TASK STATEMENT -
Within the listing below, give again exactly the lines between the one containing "Apply FPVSIM stock" and the one containing "KINYUED Business Watch", inclusive, pictures left aside.

RECORDS PROVIDED -
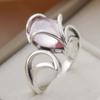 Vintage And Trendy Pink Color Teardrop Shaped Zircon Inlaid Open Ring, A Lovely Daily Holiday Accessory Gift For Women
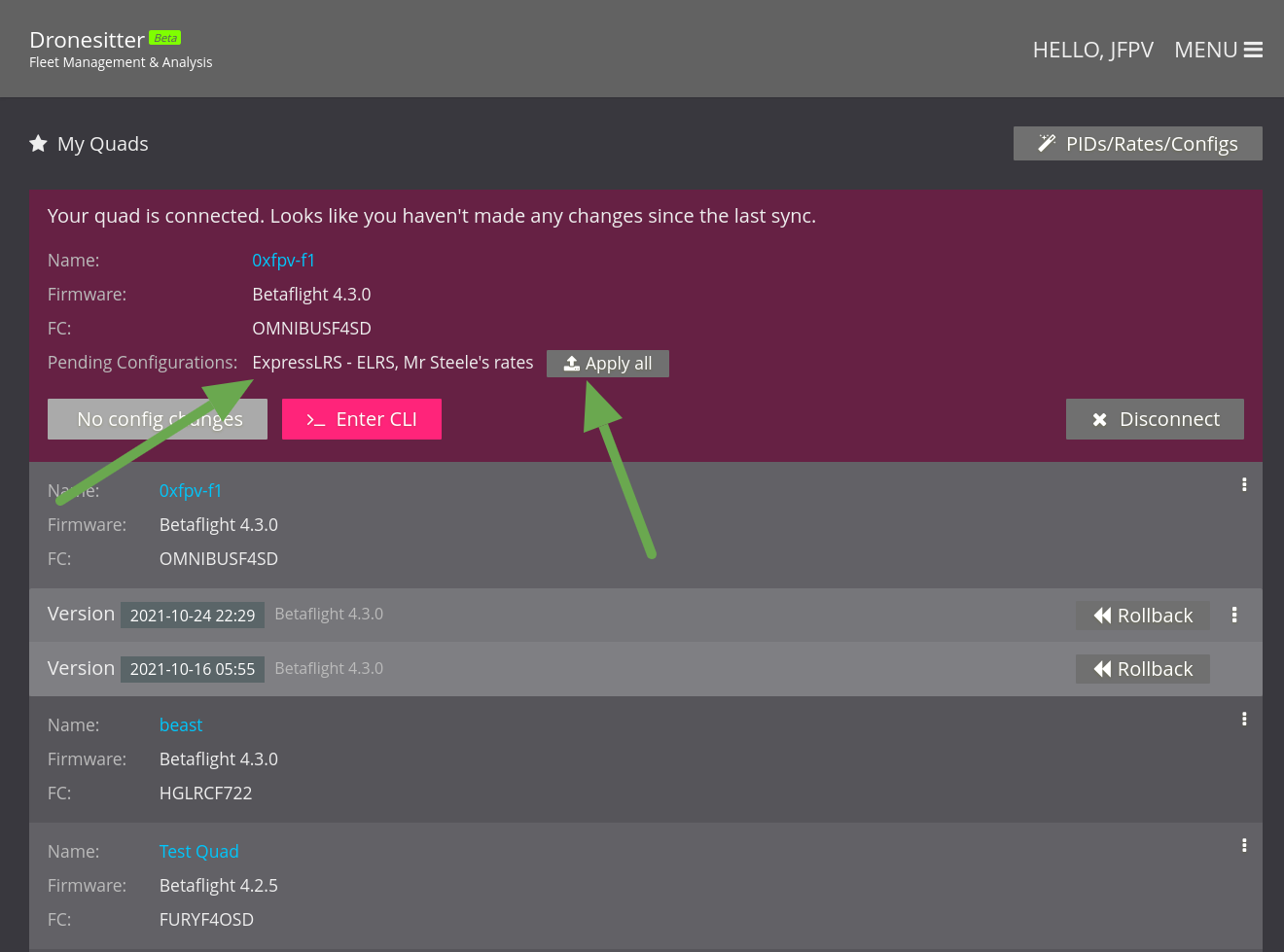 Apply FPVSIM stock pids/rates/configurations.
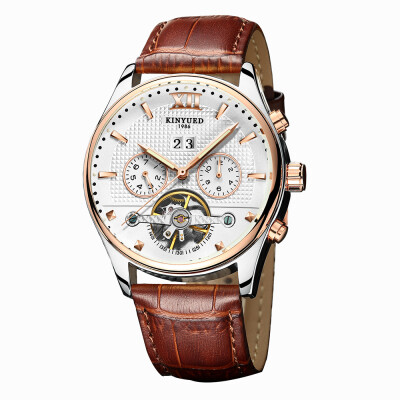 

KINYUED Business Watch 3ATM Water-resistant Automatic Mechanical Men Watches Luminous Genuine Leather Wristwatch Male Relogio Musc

...

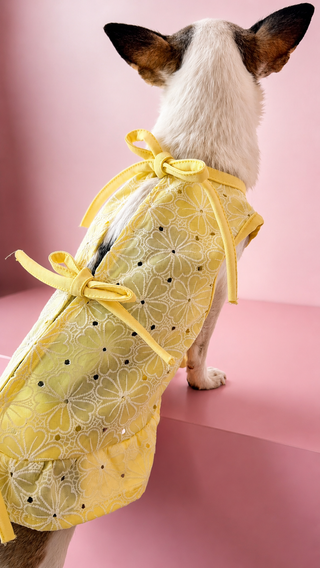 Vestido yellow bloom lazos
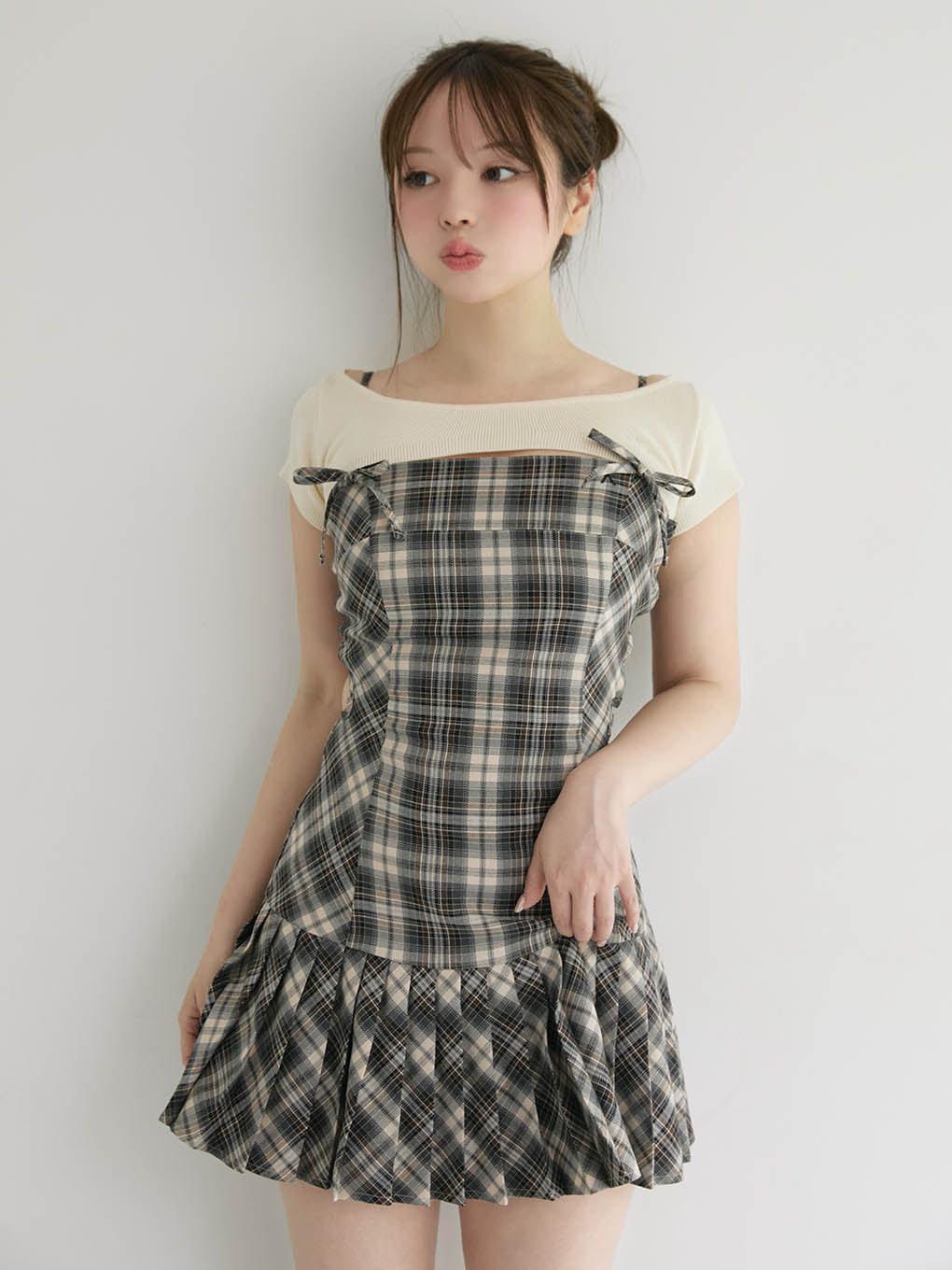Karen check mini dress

ANSWER FOR THIS EXERCISE -
 Apply FPVSIM stock pids/rates/configurations.

KINYUED Business Watch 3ATM Water-resistant Automatic Mechanical Men Watches Luminous Genuine Leather Wristwatch Male Relogio Musc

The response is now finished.